Global variable

Say I have a commandline app where I could specify an option --myopt which turns something on.
I want to have that option available in all my functions in main.rs.

The only way I found it using a static mutable variable and using unsafe at two places.

#[derive(Debug)]
struct Global {
    myopt: bool
}

static mut GLOBAL: Global = Global{ myopt:  false };

impl Global {
    fn set(&mut self, value: bool) {
        self.myopt = value;
    }

    fn get(&self) -> bool {
        self.myopt
    }
}


macro_rules! set_myopt {
    ($fmt:expr) => (
        unsafe {
            GLOBAL.set($fmt)
        }
    );
}

macro_rules! get_myopt {
    () => (
        unsafe {
            GLOBAL.get()
        }
    );
}

fn main() {
    println!("Show default setting of myopt: {:?}", get_myopt!());
    let myopt = true;  // assume gotten from cmdline
    // activate what we got from cmdline
    set_myopt!(myopt);
    println!("Show active setting of myopt: {:?}", get_myopt!());
}

I'm not exactly a fan of unsafe. So, my question: how could I solve it in a better way?

Thanks.

--
Manfred

2 Likes

Why do you need mutable access to this variable everywhere in your program? Convinient way to solve this problem is to create the configuration struct (Global in your case, but i would rename it to smthng like Config) on very beginning of program, and then pass it wherever its needed. Global mutable state, however achieved, is in general an evil idea.

2 Likes

Sure Config is better. Global was just a name given in the minimal example.
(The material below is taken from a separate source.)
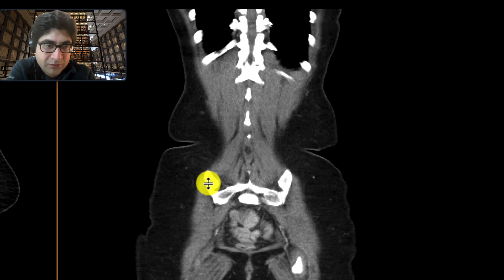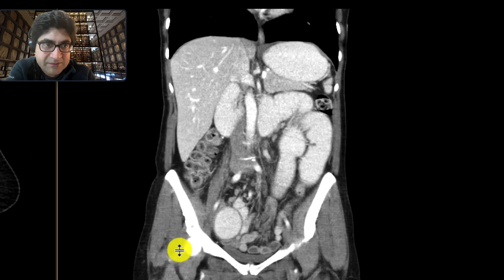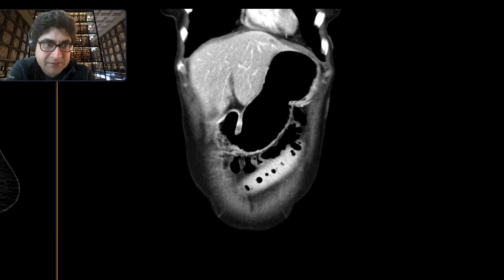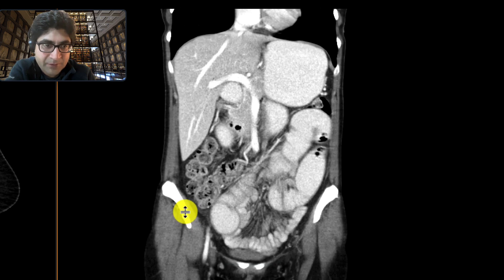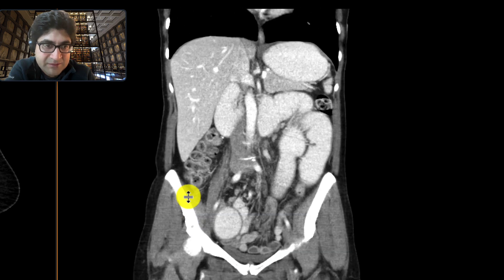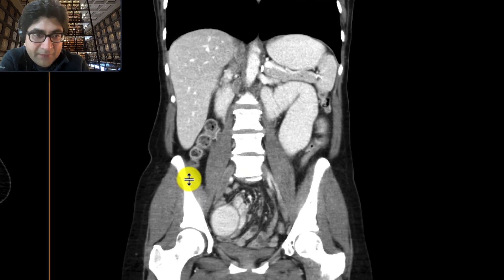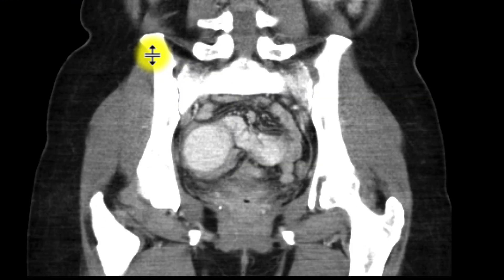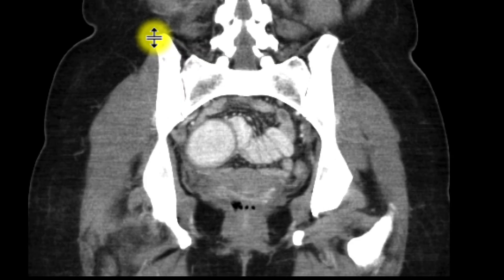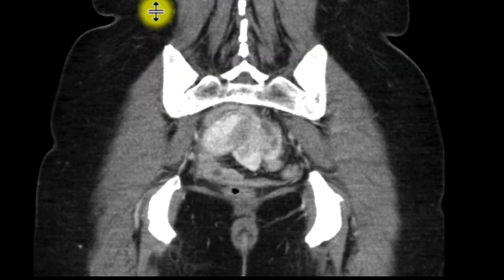If we look at the coronal images as well, we can see that there's a distended stomach, multiple distended loops of small bowel, and some underdistended loops of bowel more distally. Right at that transition, rather than it being adhesions — which is the most common cause of small bowel obstruction — or a hernia, which is another common cause, in this case there's actually a mass in that location.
I find it just inconvenient to pass Config around as I change it (if the option was specified at the command line) a single time at program start.
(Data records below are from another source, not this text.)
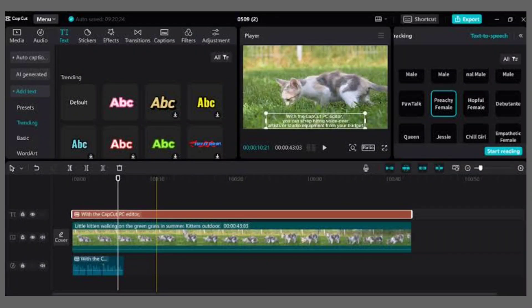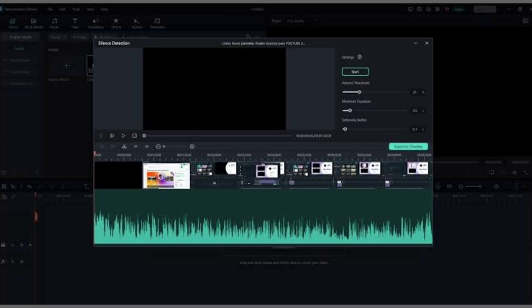In this video, I'll show you how to use 11Labs' voiceover feature in CapCut to enhance your video project.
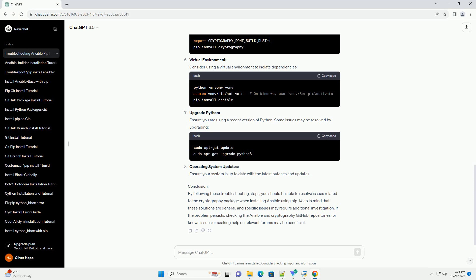Install Libffi. Cryptography relies on the Libffi library. Make sure it's installed on your system.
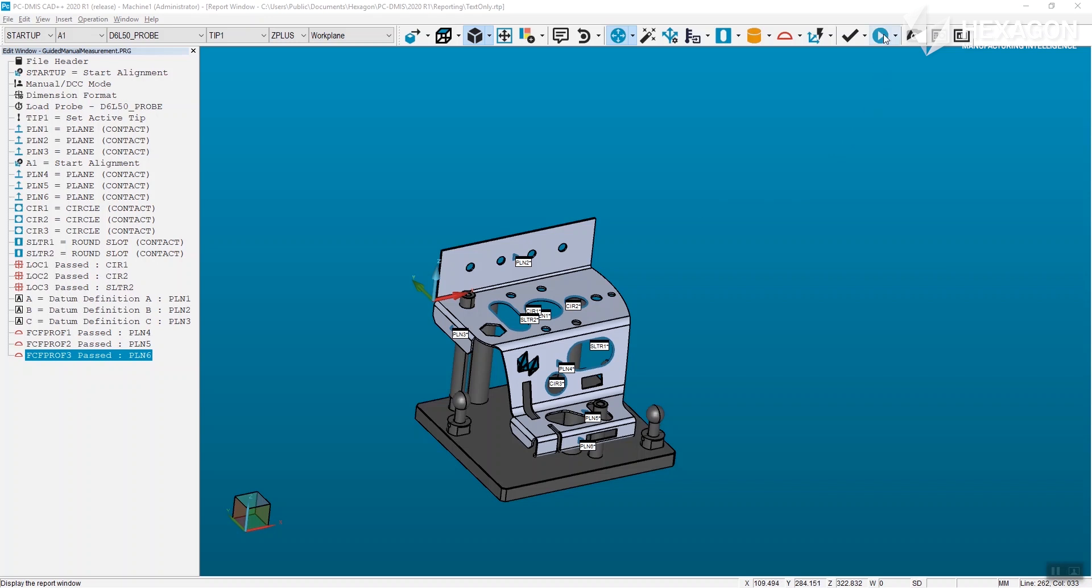With PCDMIS 2020 R1, we now leverage the graphics window to automatically provide the operator clear direction on what feature is to be measured as well as how to measure it.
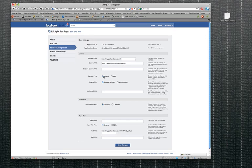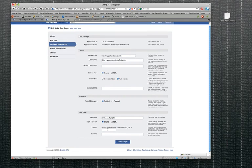So we go down to canvas type - obviously we want iFrames, we don't want scroll bars, which only affects certain browsers anyway. Social discovery enabled. Tab name - let's try and get this one right this time. The tab URL is index.php because I'm using a WordPress site. If you were using a Dreamweaver site or just static HTML, that would be index.html obviously.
It may looks inconvinient on the beggining, but later it safes you from real problems. Answering initial question: you can achieve this using thread_local crate, or lazy_static+Mutex.

2 Likes

The main problem with mutable statics is that they are only memory-safe in the right usage conditions. Set them and read them concurrently from two different threads and you get a data race. This dependency on correct usage patterns is the very defining characteristic of unsafe in Rust, so hiding the unsafety through encapsulation as you are doing here is not correct.
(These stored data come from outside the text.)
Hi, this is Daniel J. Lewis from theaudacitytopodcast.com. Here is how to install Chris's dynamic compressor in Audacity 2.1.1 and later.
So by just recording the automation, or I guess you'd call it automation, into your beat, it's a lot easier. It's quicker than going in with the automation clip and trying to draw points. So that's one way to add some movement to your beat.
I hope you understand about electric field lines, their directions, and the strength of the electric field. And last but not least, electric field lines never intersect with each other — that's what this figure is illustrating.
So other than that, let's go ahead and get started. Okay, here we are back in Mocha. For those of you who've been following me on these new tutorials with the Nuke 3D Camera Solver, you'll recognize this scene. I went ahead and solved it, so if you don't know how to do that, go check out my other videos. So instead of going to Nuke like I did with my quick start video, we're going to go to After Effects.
Some alternate solutions, in orders of decreasing preference:

  • Pass configuration state explicitly. => Most idiomatic, avoids global variable trouble
  • Synchronize concurrent access to global mutable state (with Mutex, AtomicPtr...) => Has a performance and complexity cost
  • Use thread-local state => I don't think that is appropriate for your use case as you probably want to set the configuration in an application-wide fasion.
  • Expose and use carefully an unsafe interface => If you are exposing an interface which can blow up when used incorrectly, this is the right thing to do.
3 Likes

lazy_static is your best bet if you want to stick with a global: example

I think for me the only viable solutions are one of the following

  1. Use unsafe as in my example as I only set the variable once in the beginning of the program. So this is kind of a mitigation.
  2. Pass a Config struct around
  3. Use lazy_static

Thanks to all of you. Best, Manfred

But in the end I assume that lazy_static also has to use unsafe.

It does, but you can/should assume they got it right :slight_smile:. It uses std::sync::Once internally, IIRC.

Note that an abstraction that uses unsafe internally is not problematic in and of itself. Otherwise, you wouldn't even be able to use the std library.

What is unacceptable is exposing an interface which pretends to be safe, but can break type/memory/thread-safety if used in the wrong way. Or, in more advanced usage scenarios, exposing an unsafe interface without documenting under which assumptions this interface is safe.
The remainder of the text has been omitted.